Valmet Chairman, Mr. Mikael Mäkinen, said: “The combination of Valmet and Neles will create a broad and competitive product offering for our customers and build on the excellent reputation of both of our businesses. The transaction creates a global industrial leader with a bright future beyond what we could achieve separately. Together our businesses are better positioned to drive innovation and leadership in sustainability.”
Neles Chairman, Mr. Jaakko Eskola, said: “The common heritage of Valmet and Neles will allow for a smooth integration of our two companies to the benefit of shareholders, customers and employees. Neles will benefit from enhanced scale to accelerate its growth and building on the excellent work done by Neles management since the formation of Neles as an independent company in 2020.”
Valmet President and CEO, Mr. Pasi Laine, said: “We are delighted with the announcement of the merger which will create an even stronger Valmet with a strong offering to global process industries and a global team of 17,000 professionals around the world. The Combined Company will have solid business fundamentals, a strong financial profile, attractive growth potential and estimated synergies contributing to the enhanced shareholder value.”

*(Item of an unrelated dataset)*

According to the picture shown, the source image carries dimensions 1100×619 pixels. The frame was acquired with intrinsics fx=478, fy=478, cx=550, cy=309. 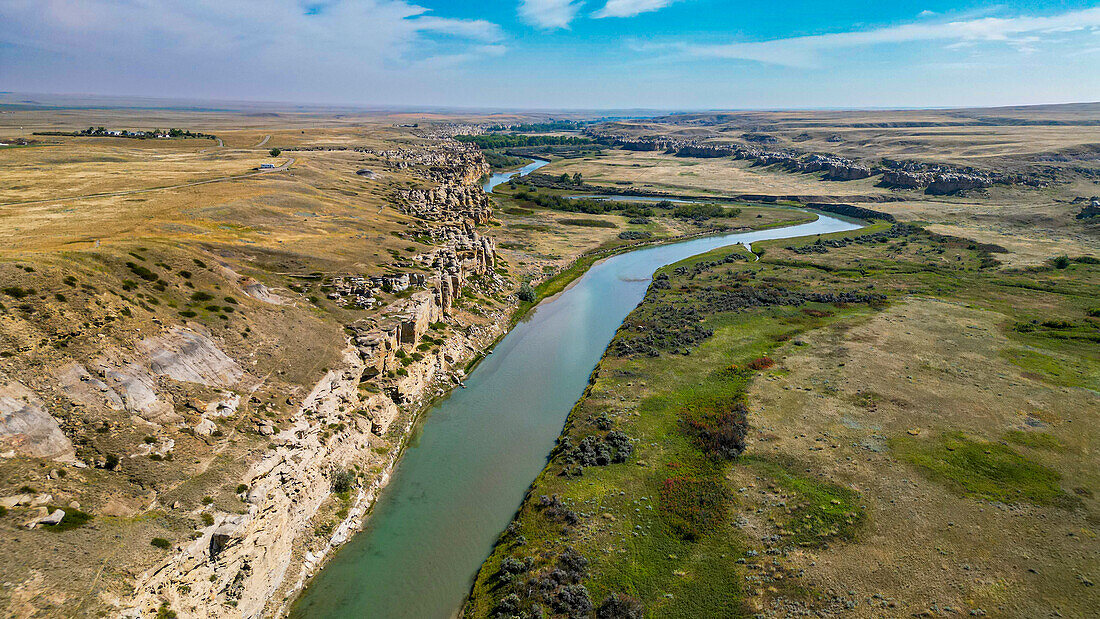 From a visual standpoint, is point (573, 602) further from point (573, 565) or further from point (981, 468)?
point (981, 468)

Neles President and CEO, Mr. Olli Isotalo, said: “Through our capabilities and know-how, we have positioned Neles for best in class growth and profitability and now look forward to accelerating this agenda as part of the Combined Company. We are delighted about the opportunities to continue to execute our growth in flow control across process industries from an even stronger base. The combination also creates attractive opportunities to digitalize our joint services to support customers’ efforts to achieve greater sustainability in their operations.”